In some sense, Peak Oil was reached already 2005. That was "peak cheap oil".
"Oil companies and oil producing nations will claim that peak oil is not a real phenomenon or will not occur for many decades. To support this opinion, they use deception, re-defining what we once meant by “oil.” In late 2004, conventional oil production — typically from drilled wells — stopped growing and has since been on a long plateau, indicating the natural production peak.
Meanwhile, the alleged “increase” in oil production has been achieved with dirty, marginal, low-net energy grunge petroleum, financed with massive debt, stock scams, and outright Ponzi schemes."
He writes about tar sands oil, which also can be applied to fracking oil, this:
"Tar sands bitumen can be burned for energy, but it is not “oil,” and adding bitumen onto “oil production” is like tacking the chaff onto the wheat harvest, a deception designed to disguise peak conventional oil and forestall the urgent transition to renewable energy."
I have before on this blog touted that November 2018 was the time of Peak Oil.
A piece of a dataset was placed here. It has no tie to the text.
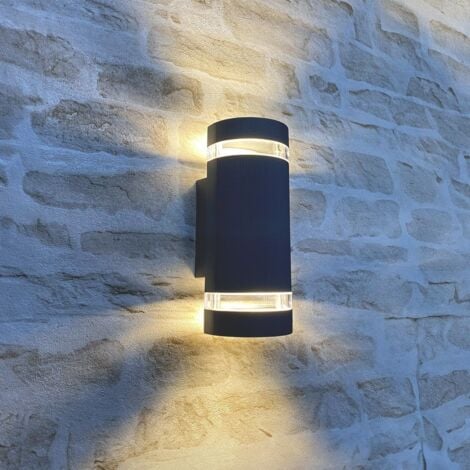 ARUM LIGHTING Aplique de exterior redondo antracita TORRE IP54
But then I in fact give the enemy a little playroom. It may be the latest possible date of Peak Oil, if we count all fossil liquids, also the extremely expensive, but for all practical purposes the peak happened in 2005. Conventional oil has been roughly on a plateau since, a plateau which ended in the end of 2018, after which conventional oil production began to decline.
Another way to say it, is that 2005 was the peak of cheap oil, which is the only thing that matters for the world. And maybe, I guess, 2005 was the peak year for diesel, because unconventional oil contains very little diesel. Chris Martenson has a video about peak cheap oil, here. He says: "But we need to be careful here because it’s a mistake to lump all types of energy together because they have very different uses in our economy and they are not interchangeable."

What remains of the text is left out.